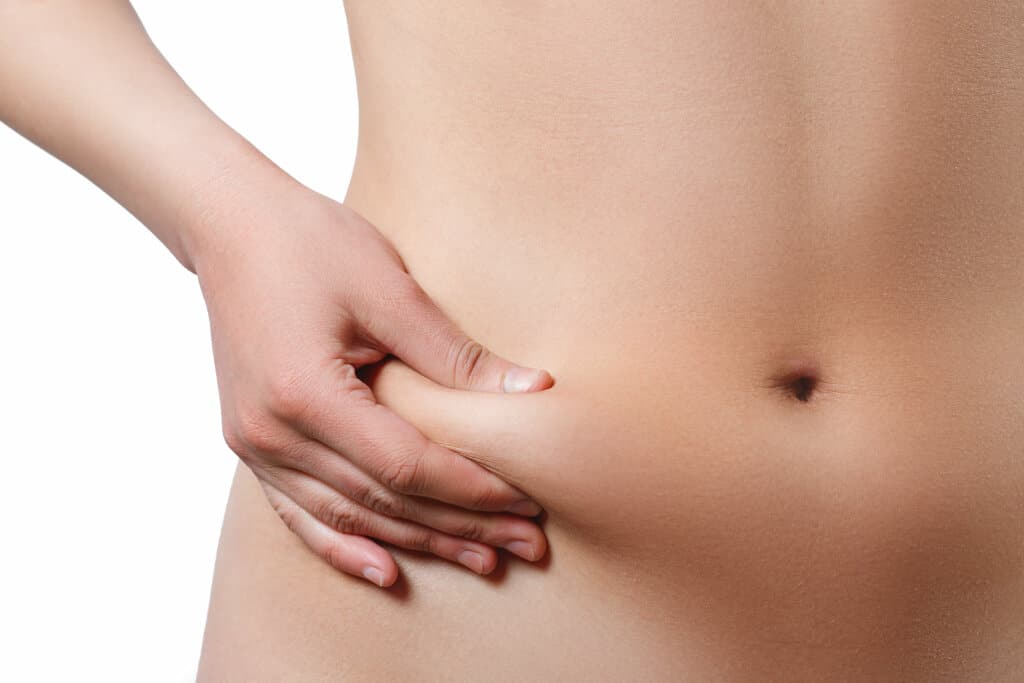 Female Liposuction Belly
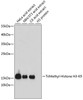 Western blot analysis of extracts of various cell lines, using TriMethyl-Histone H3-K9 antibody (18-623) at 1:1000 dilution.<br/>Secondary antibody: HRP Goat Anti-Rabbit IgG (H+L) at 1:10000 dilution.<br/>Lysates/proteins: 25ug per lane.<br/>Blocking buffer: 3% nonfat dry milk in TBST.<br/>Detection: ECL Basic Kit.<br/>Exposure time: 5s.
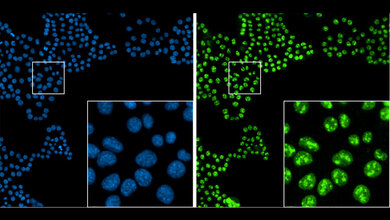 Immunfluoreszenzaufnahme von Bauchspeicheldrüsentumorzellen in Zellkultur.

_WHAT YOU HAVE TO DO:_
Write out the whole listing exactly as it appears, and omit the pictures.

_EXERCISE RESPONSE:_
 Female Liposuction Belly
 Western blot analysis of extracts of various cell lines, using TriMethyl-Histone H3-K9 antibody (18-623) at 1:1000 dilution.<br/>Secondary antibody: HRP Goat Anti-Rabbit IgG (H+L) at 1:10000 dilution.<br/>Lysates/proteins: 25ug per lane.<br/>Blocking buffer: 3% nonfat dry milk in TBST.<br/>Detection: ECL Basic Kit.<br/>Exposure time: 5s.
 Immunfluoreszenzaufnahme von Bauchspeicheldrüsentumorzellen in Zellkultur.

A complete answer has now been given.